If you're looking for the singer, you've come to the wrong place.
I'm a different Chris Brown.This is my house o'artwork.
Monday, July 25, 2011
Captain America!!!!!
So I saw Captain America: The First Avenger on Friday. I liked it a lot. I think Marvel has been very smart with this series of movies; they're all pretty good as stand-alone action movies, while simultaneously building up to the big Avengers movie. That's not an easy trick to pull off. Captain America: The First Avenger may be my favorite superhero movie of the summer, which is saying something, since both Thor and X-Men: First Class were really good. I seriously think it should be an Oscar contender for all the production design categories.
I haven't seen, and probably won't see (unless it's free on TV), Green Lantern. The only good things I've heard about that one are from people who saw it and said it wasn't as bad as they expected, given all the terrible, terrible reviews from critics and fans alike. It used to be that I would see a superhero/comic book-related movie regardless, even when I expected it to be bad, just because. It really says something about the power of film in our culture that so many people crave having their favorite books, plays, comics, games, cartoons, et al adapted into live-action films, as though that somehow conveys some sort of cultural status on the original material.
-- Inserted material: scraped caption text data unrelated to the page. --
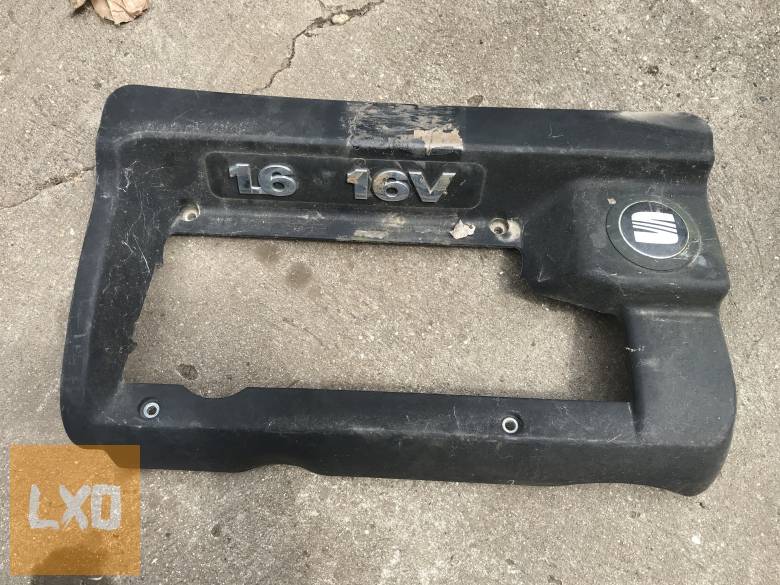 SEAT LEON 1M 1,6 16V - motorburkolat apróhirdetés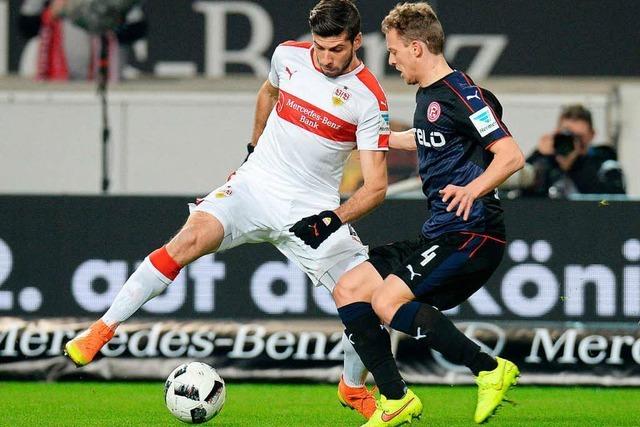 VfB Stuttgart ist neuer Tabellenfhrer der 2. Bundesliga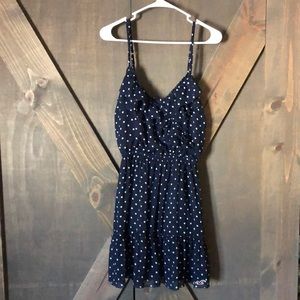 Hollister Polka Dot Dress for Sale up to 90% Off: Poshmark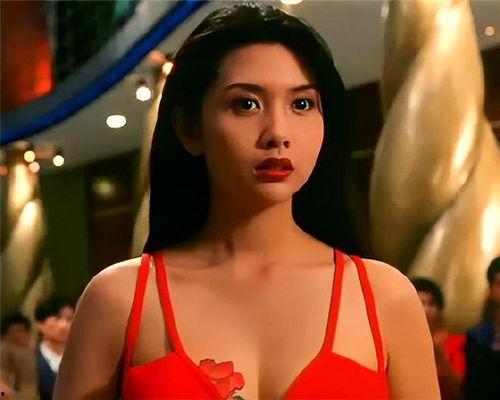 邱淑贞照片性感照片,风华绝代，魅力四射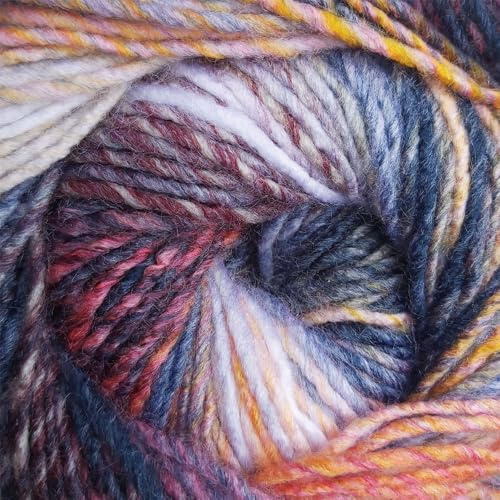 James C Brett Emotions Double Knitting 150g Cake (1, EM10)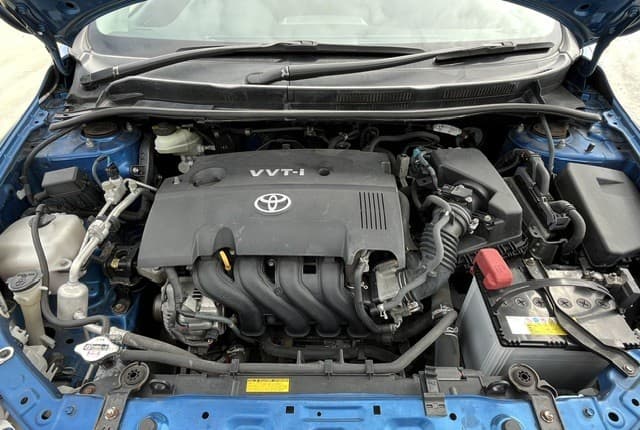 2010 Toyota Corolla JDM car for sale — photo 9 of 25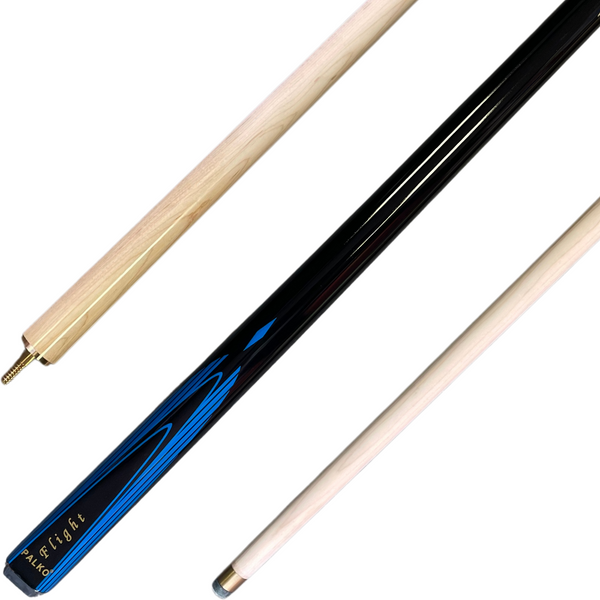 Flight Blue Cue - 2pc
For example, two years ago, I attended an academic conference about the 19th century militant abolitionist, John Brown (no relation!). After two days of discussions on the historical legacy of John Brown, the abolitionist movement, the political and economic culture of antebellum America, and the nature of political violence, the final panel was an interview with Russell Banks, author of a fictionalized account of John Brown, Cloudsplitter. It's a bona-fide Great American Novel, and was a finalist for the Pulitzer Prize. Banks is in general one of our greatest living American writers. During the hour-long interview, he briefly discussed his interactions with Hollywood in optioning the novel. It's in 'development,' which of course only means that someone paid a lot of money for the rights to make a movie that they may or may not actually intend to make someday. The audience was almost all serious academics and historians, amateur and professional, yet during the Q&A session, almost every question was about this hypothetical movie version of the novel. These academics at Yale University were even floating casting ideas just as comic nerds dream-cast superhero movies. They were just soooo excited to see a big-budget movie about their favorite historical figure.
By the way, the general consensus was that John Brown should be played by Tommy Lee Jones, who was excellent in Captain America: The First Avenger. So ... Captain America! Go see it.